Again recalling my lost youth,

Wilson Gray hwgray at GMAIL.COM
Sat Apr 5 03:19:11 UTC 2014


On Fri, Apr 4, 2014 at 9:18 PM, Jonathan Lighter <wuxxmupp2000 at gmail.com>wrote:

> stress on "false"
>

Exactly!

Maybe the term was once the usual word, since it's probably not sheer
coincidence that my East Texas gram and your NYC gram of similar age, would
both use this as their usual word, and it was fairly recently - I've never
really stopped using "false face"; being childless, I've had no reason to
update - replaced by the specific "Hallowe'en mask." I have a vague memory
that a false face wasn't *necessarily* a Hallowe'en mask.

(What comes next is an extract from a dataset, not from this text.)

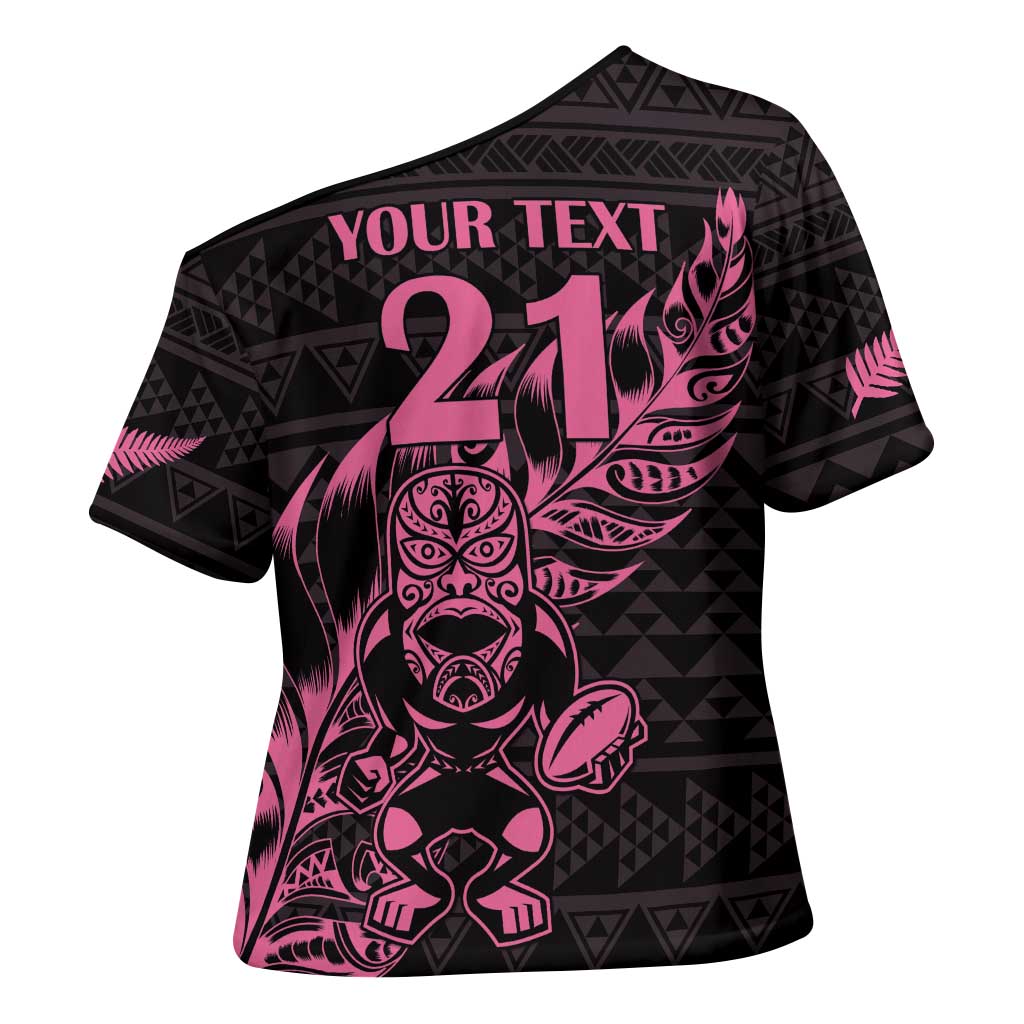 New Zealand Rugby Warrior Custom Cross Shoulder Shirt Pink Fern Taniko Motif - Polynesian Pride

The relevant
memory is being blocked by the clear memory of the funny-book hero, The
Face, whose false-face-looking face, IIRC, was the consequence of an injury
suffered in combat, During The War.

Correcting a pswaydo-memory that I once posted: It was not Doctor Mid-Nite,
but Mister Terrific, whose costume bore an escutcheon on the chest with the
motto, "Turn-About Is Fair Play." Too bad, since "turn-about" goes quite
well with the concept of a blind man who can see better in the dark than
the sighted can see in the light.

And, while looking for something else entirely, I was unpleasantly
surprised to come upon irrefutable documentation that strings of the type,

"... A, B, and C, the latter, _C_, ..."

can be dated to at least 1905, about eighty years earlier than I would have
guessed.

Youneverknow.

--
-Wilson
-----
All say, "How hard it is that we have to die!"---a strange complaint to
come from the mouths of people who have had to live.